Pictures must not appear in the copy. Restate exactly the lines below from the one with "7614 Range Road" through the one with "Woman Washing Red Apple at Kitchen Sink", inclusive.

- [Material supplied]:
= = = = =
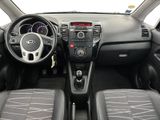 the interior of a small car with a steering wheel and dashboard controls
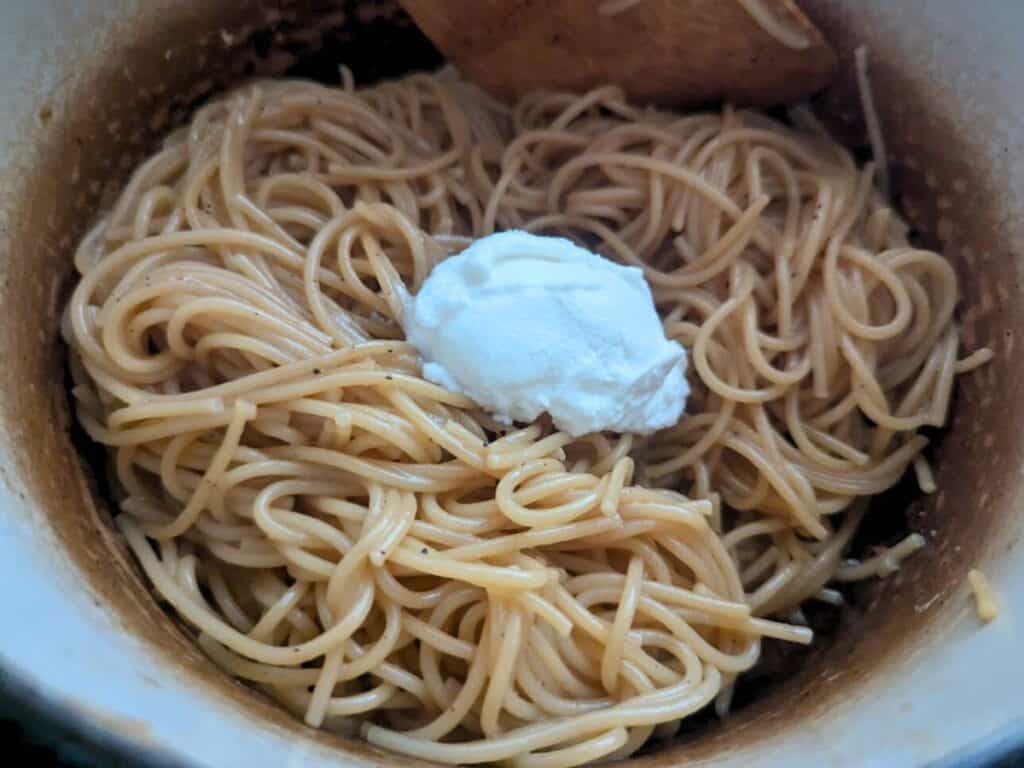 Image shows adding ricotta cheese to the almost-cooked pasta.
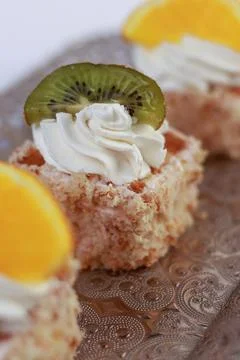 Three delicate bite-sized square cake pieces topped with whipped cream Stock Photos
= = = = =
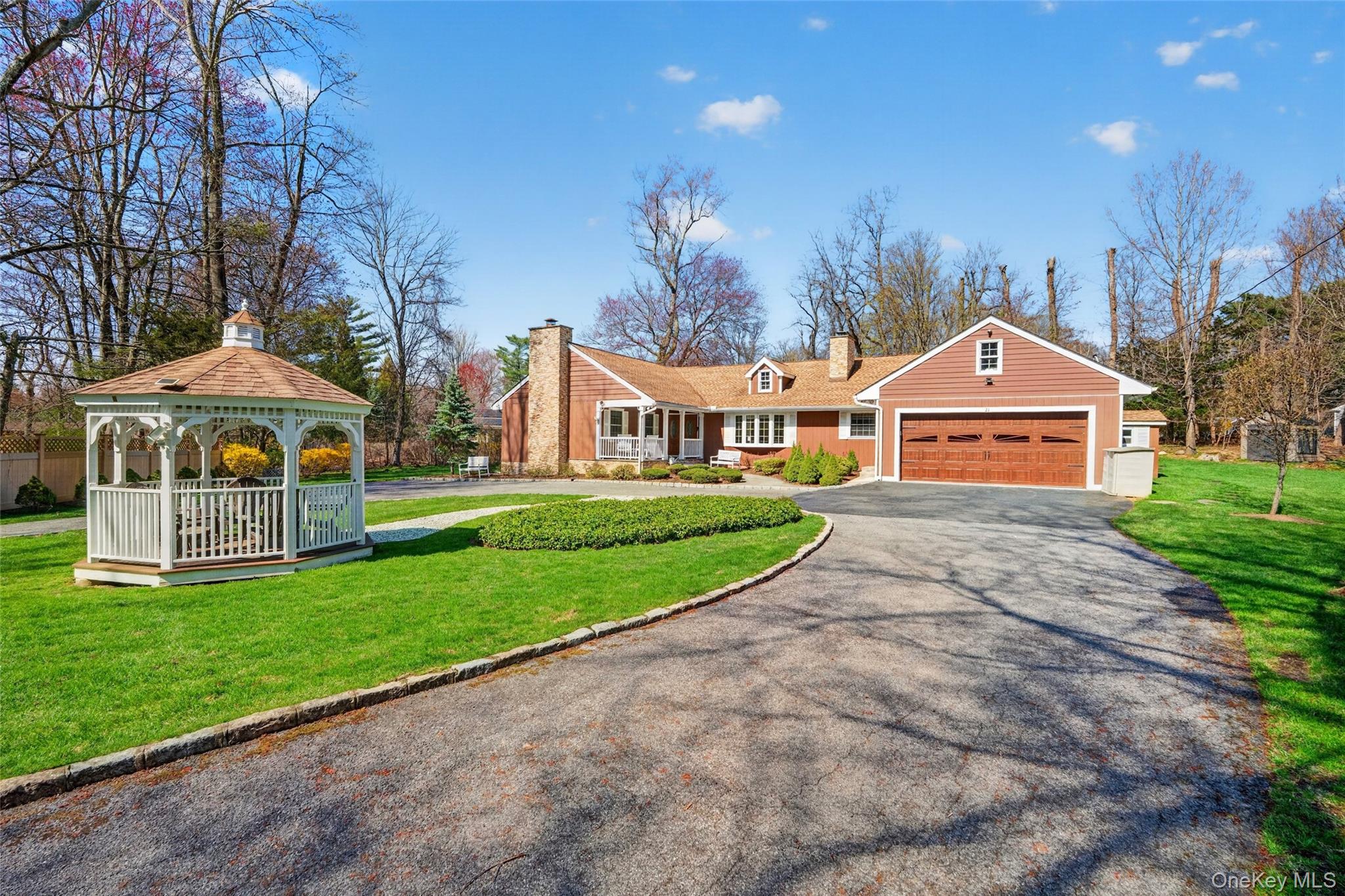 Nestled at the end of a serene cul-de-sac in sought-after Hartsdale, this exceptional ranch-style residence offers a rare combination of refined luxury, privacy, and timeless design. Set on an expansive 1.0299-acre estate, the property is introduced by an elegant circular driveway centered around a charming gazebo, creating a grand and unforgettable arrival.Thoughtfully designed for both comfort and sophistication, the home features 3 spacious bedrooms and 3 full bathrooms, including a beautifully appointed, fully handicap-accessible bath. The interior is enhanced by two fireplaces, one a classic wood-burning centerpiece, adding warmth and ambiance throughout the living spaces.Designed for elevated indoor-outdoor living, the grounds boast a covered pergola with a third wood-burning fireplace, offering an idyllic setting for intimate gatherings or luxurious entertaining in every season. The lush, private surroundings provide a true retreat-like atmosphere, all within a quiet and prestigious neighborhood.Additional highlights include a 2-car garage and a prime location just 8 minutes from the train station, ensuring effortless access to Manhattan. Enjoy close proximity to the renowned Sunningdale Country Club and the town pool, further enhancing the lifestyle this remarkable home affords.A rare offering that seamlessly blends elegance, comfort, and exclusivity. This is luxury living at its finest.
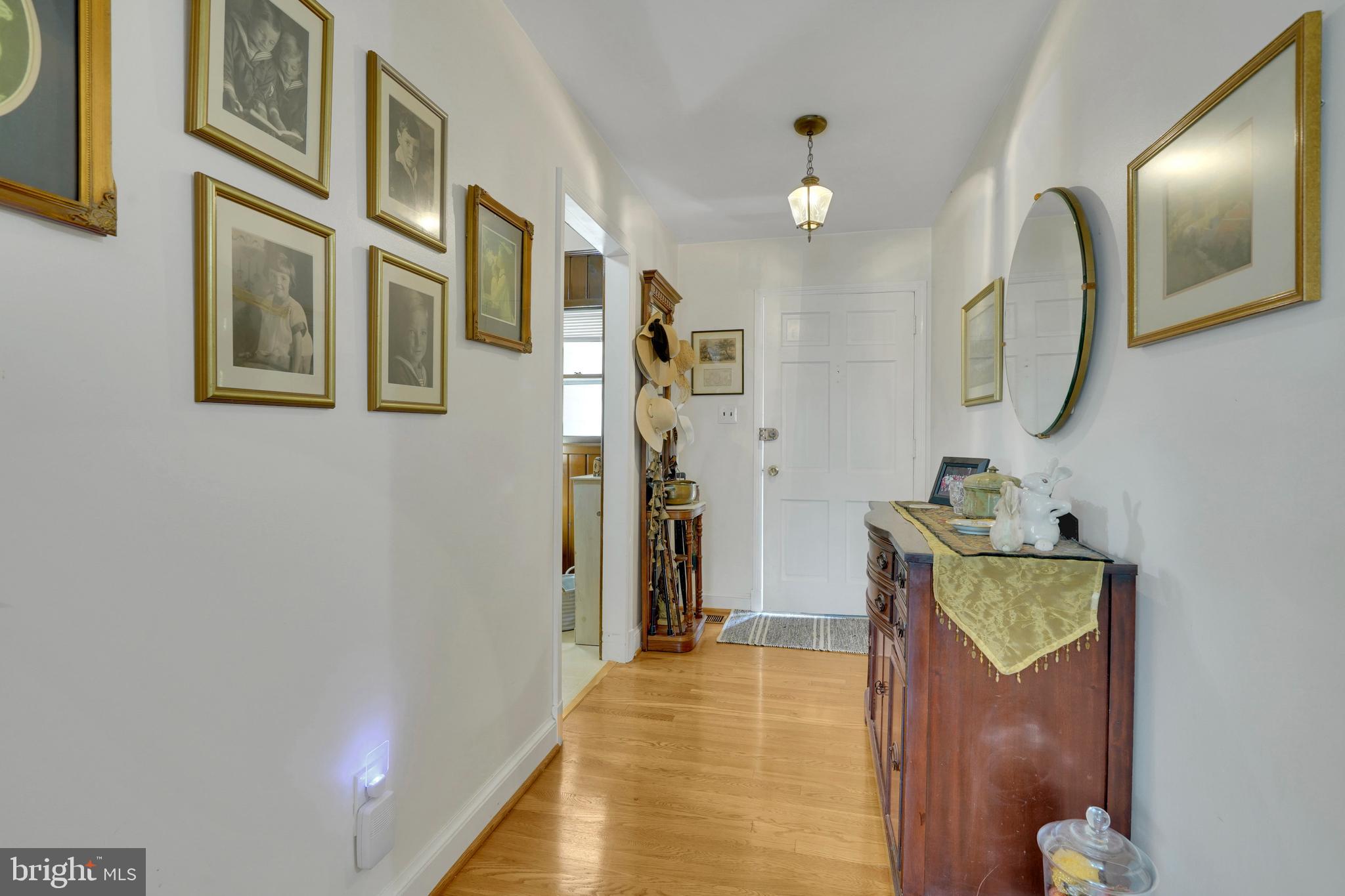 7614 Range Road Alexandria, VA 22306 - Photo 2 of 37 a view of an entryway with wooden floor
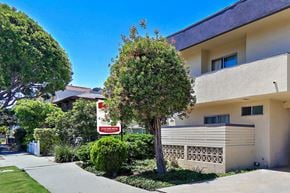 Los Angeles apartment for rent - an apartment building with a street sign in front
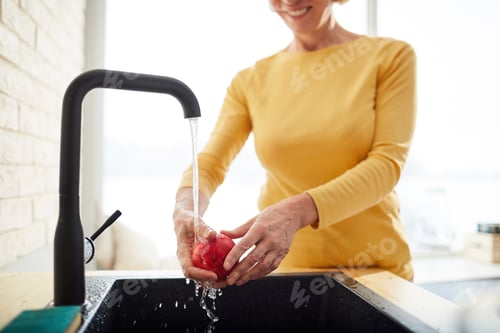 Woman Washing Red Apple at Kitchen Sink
= = = = =
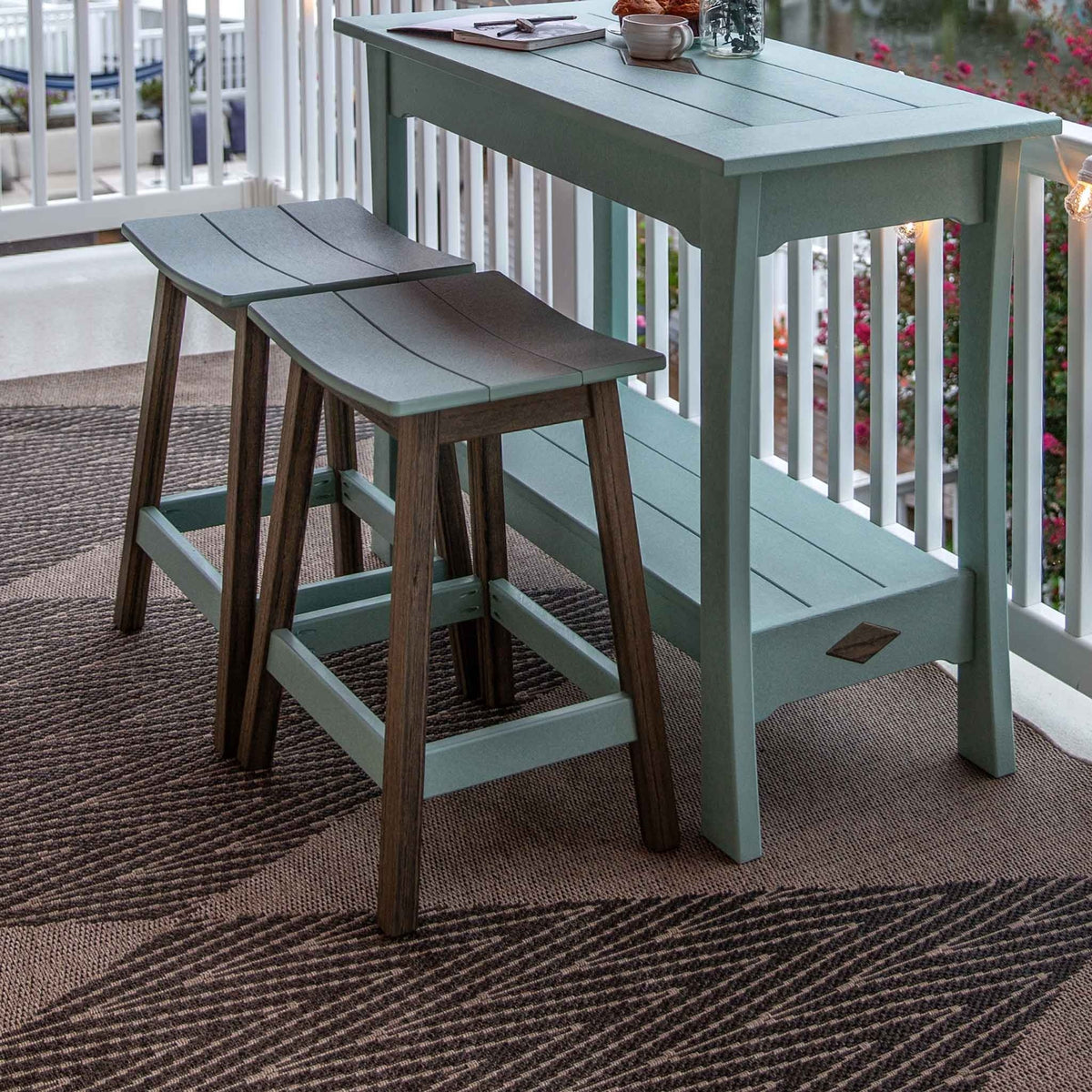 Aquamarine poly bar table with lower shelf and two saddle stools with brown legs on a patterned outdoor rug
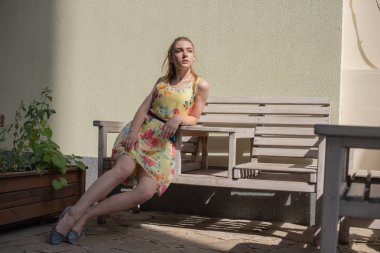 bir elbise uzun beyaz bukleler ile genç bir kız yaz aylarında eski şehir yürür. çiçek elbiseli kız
= = = = =
- [Exercise solution]:
 7614 Range Road Alexandria, VA 22306 - Photo 2 of 37 a view of an entryway with wooden floor
 Los Angeles apartment for rent - an apartment building with a street sign in front
 Woman Washing Red Apple at Kitchen Sink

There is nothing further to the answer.